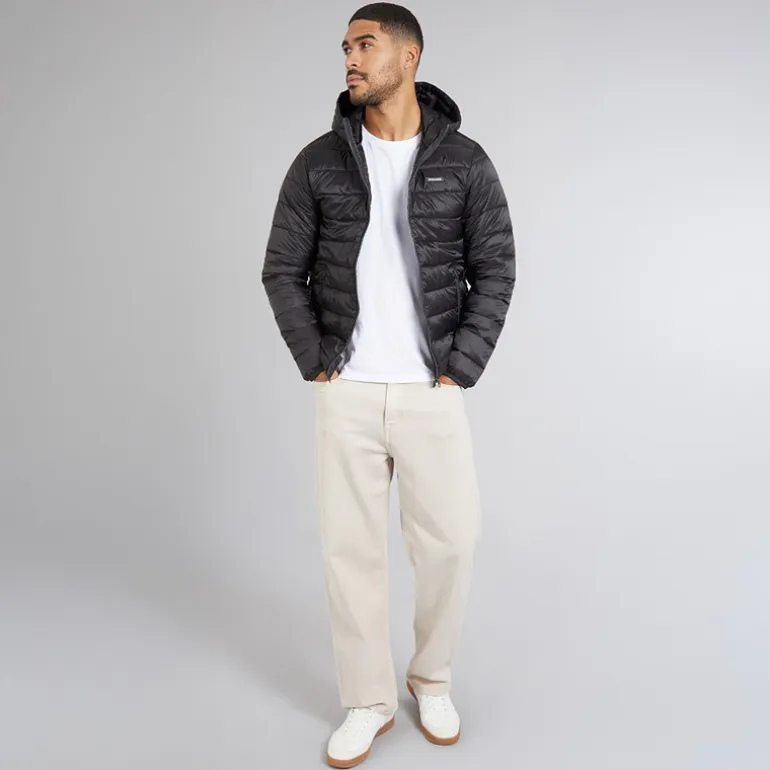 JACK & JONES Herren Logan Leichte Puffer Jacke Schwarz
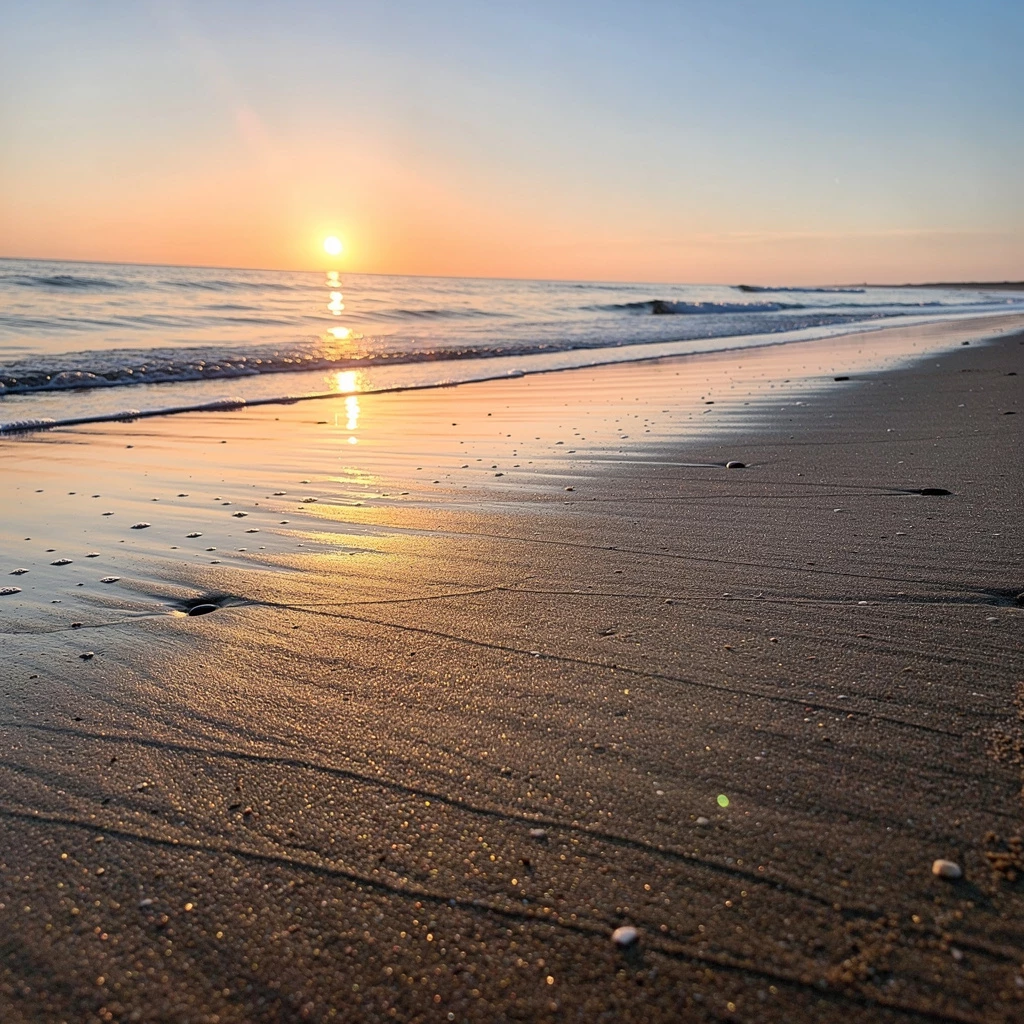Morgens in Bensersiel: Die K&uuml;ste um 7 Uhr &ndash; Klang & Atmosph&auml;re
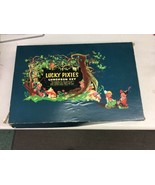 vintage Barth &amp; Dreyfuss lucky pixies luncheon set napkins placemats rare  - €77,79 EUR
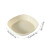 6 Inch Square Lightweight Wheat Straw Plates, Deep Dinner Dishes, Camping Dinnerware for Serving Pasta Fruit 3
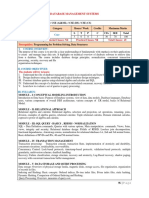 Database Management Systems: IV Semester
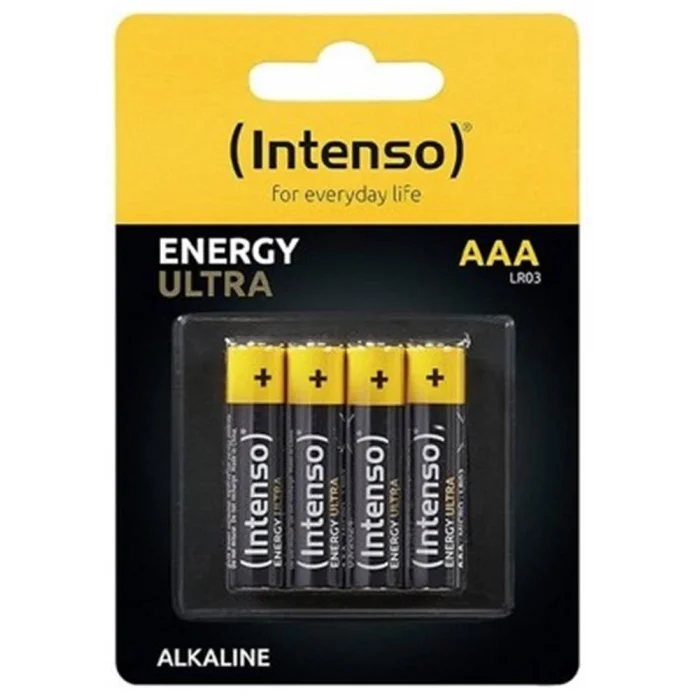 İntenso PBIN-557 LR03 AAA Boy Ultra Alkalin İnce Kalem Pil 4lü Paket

....

- **Work order**: For the entries above, the output must hold exactly the lines from the one with "Database Management Systems: IV Semester" through the last line, both included, and no pictures.

- **Written solution**:
 Database Management Systems: IV Semester
 İntenso PBIN-557 LR03 AAA Boy Ultra Alkalin İnce Kalem Pil 4lü Paket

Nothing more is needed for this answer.